Heart Failure: The Art of Dying

If I could sleep with my arms round you, the ink could stay in the bottle. - D.H. Lawrence, Lady Chatterley's Lover
I walked into the Congestive Heart Failure Clinic to take my first dose of Coreg, a relatively new beta blocker, a medication that my new cardiologist, Dr. Harold, said had the potential to help me regain normal heart function - for a while. The nurse who would be my case manager wasn’t there, so I met her colleague Olivia, a middle-aged woman with a concerned face and black, curly hair.

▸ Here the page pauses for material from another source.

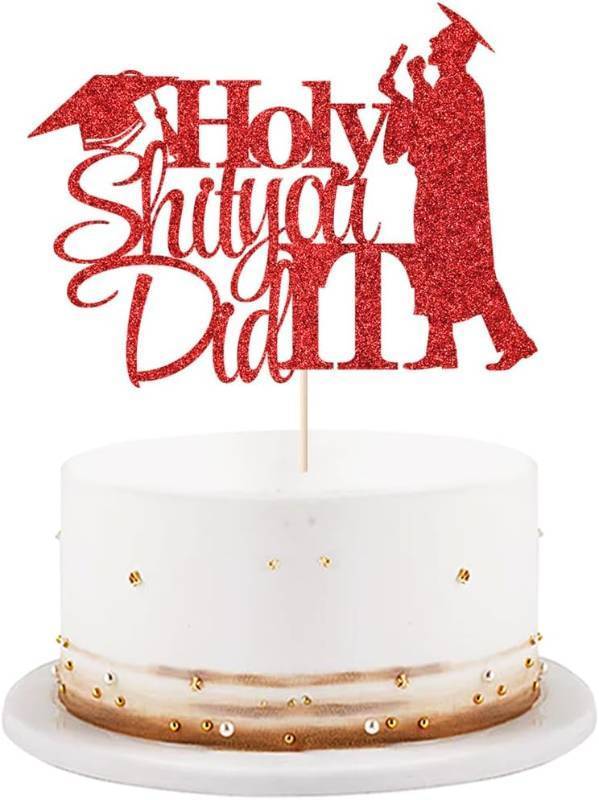 lot 68322 image: Holy Shit You Did It Cake Topper senior high school university postgraduate Graduation cake topper Cake decorations for boys and girls graduation part in 2026 Supplies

Olivia called my name from the doorway to the clinic in a weary voice, which I somehow hoped indicated her concern for my welfare, and led me through a room of elderly men receiving intravenous medication. For the most part, these withered men were reclined on hospital beds, either joking with each other and their nurses or resting with their eyes closed. Unlike me, they seemed to be enjoying their lives, even as their bodies were wasting away.
We eventually arrived in a small room from which I could see two or three of the elderly men on their hospital beds. They never seemed to stop smiling and laughing. They obviously were strangers, but their common experience and acceptance of the inevitable decline of their bodies made them one.
Again, I felt myself on the outside: separated from them by age and the absurdity of my being in their situation at such a young age. I had a lot to learn, you see, about the art of dying.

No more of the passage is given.